Protein-coding gene in the species Homo sapiens

Transcription factor 4 (TCF-4) also known as immunoglobulin transcription factor 2 (ITF-2) is a protein that in humans is encoded by the TCF4 gene located on chromosome 18q21.2.

== Function ==

TCF4 proteins act as transcription factors which will bind to the immunoglobulin enhancer mu-E5/kappa-E2 motif. TCF4 activates transcription by binding to the E-box (5′-CANNTG-3′) found usually on SSTR2-INR, or somatostatin receptor 2 initiator element. TCF4 is primarily involved in neurological development of the fetus during pregnancy by initiating neural differentiation by binding to DNA. It is found in the central nervous system, somites, and gonadal ridge during early development. Later in development it will be found in the thyroid, thymus, and kidneys while in adulthood TCF4 it is found in lymphocytes, muscles, mature neurons, and gastrointestinal system.
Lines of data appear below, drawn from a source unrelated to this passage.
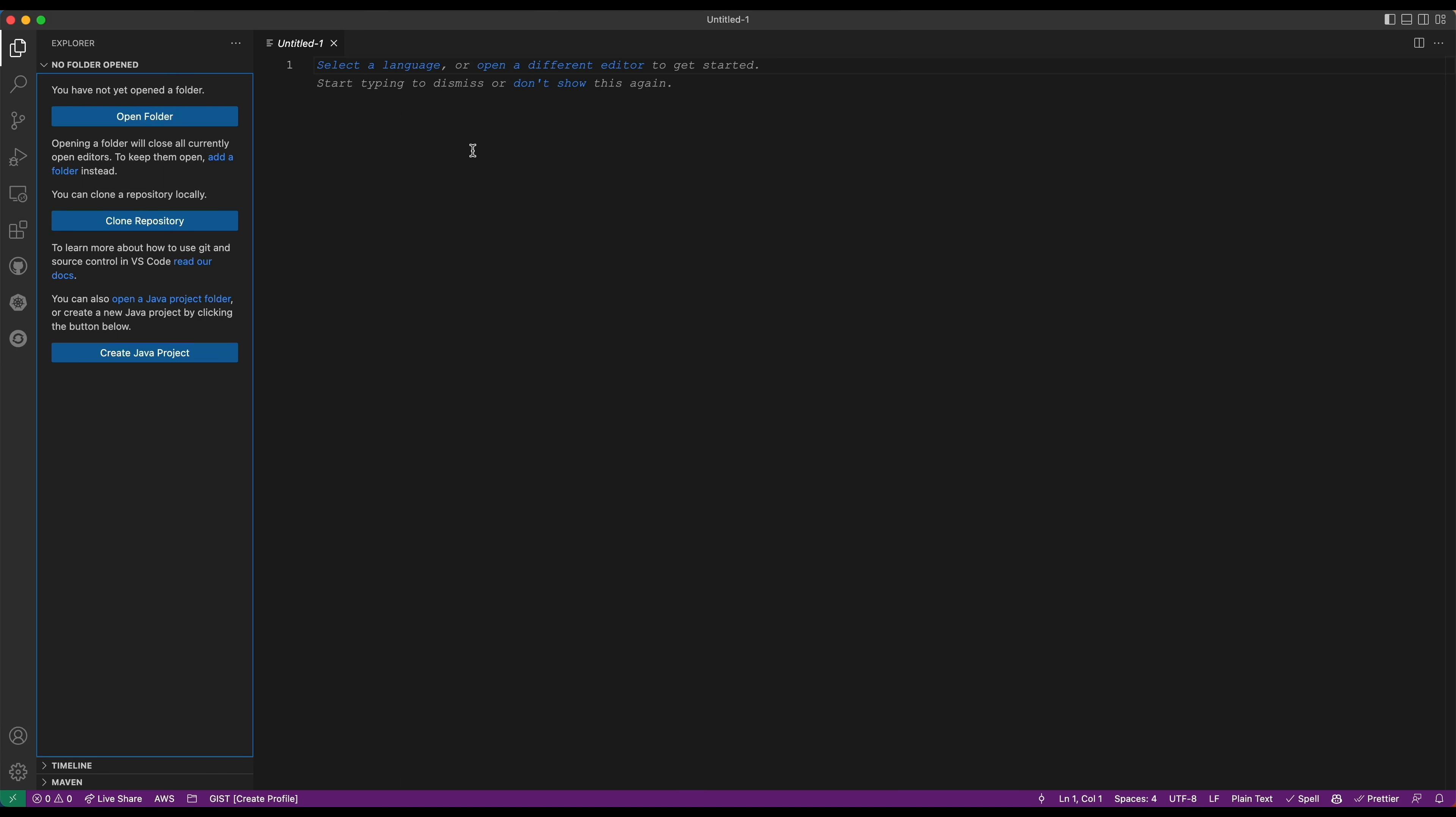In this demo I will show you how you can use OpenShift Toolkit extension to develop and debug Java applications directly on an OpenShift cluster or any Kubernetes cluster. Let me first get the source code for my application.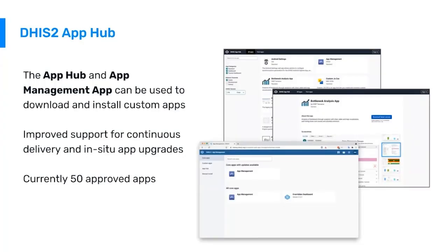One final note about the applications: all of the applications are available on our app hub — not just the third-party applications, but also the core applications that the University of Oslo developed. They are all available on the app hub, and you can access the app hub through our website as well as through any DHIS2 instance.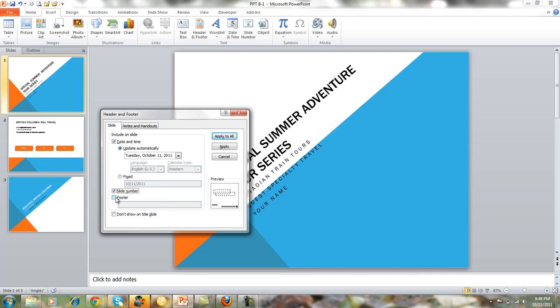You can click in Footer and you can actually type in information you want in the footer. We're going to type in "World's Foremost Traveling Experience." And if you didn't want to show it on the main title slide, then you could click here and it wouldn't show there.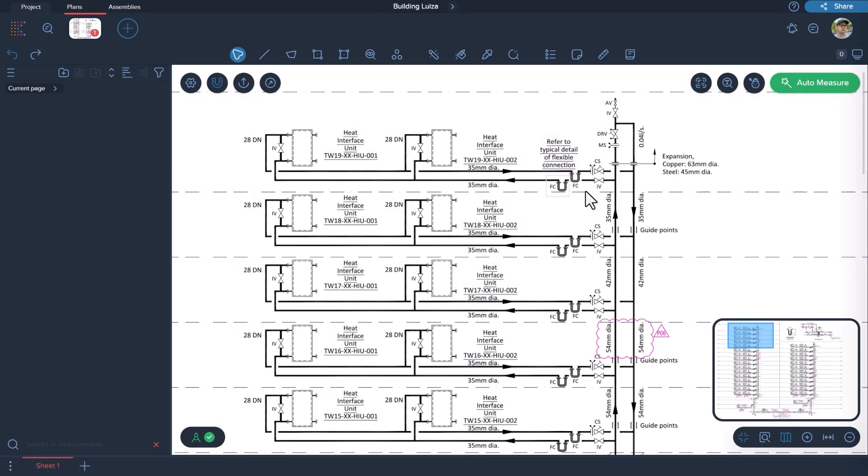Searching for text within drawings is a crucial and convenient feature. In this video, we will demonstrate how to create a takeoff using this tool by leveraging the search functionality.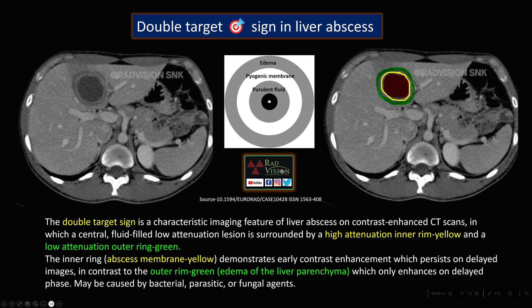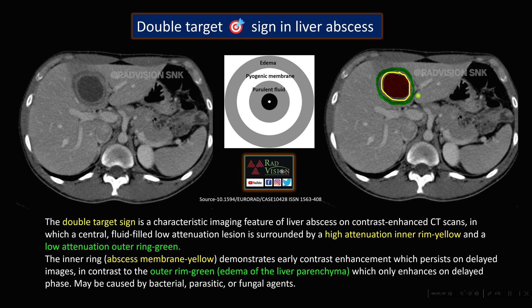Next case: we'll try to see the double target sign in liver abscess. Here you can see this is the liver abscess. There will be a hypodense central core which is surrounded by a hyperdense membrane, which is in turn surrounded by a hypodense rim. This central hypodense area is the abscess, and the yellow one is the pyogenic membrane or abscess membrane, which is surrounded by edema.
== Clinical significance ==

Mutations in TCF4 cause Pitt–Hopkins syndrome (PTHS). These mutations cause TCF4 proteins to not bind to DNA properly and control the differentiation of the nervous system. It has been suggested that TCF4 loss-of-function leads to decreased Wnt signaling and, consequently, a reduced neural progenitor proliferation. In most cases that have been studied, the mutations were de novo, meaning it was a new mutation not found in other family members of the patient. Common symptoms of Pitt-Hopkins Syndrome include a wide mouth, gastrointestinal problems, developmental delay of fine motor skills, speech and breathing problems, epilepsy, and other brain defects.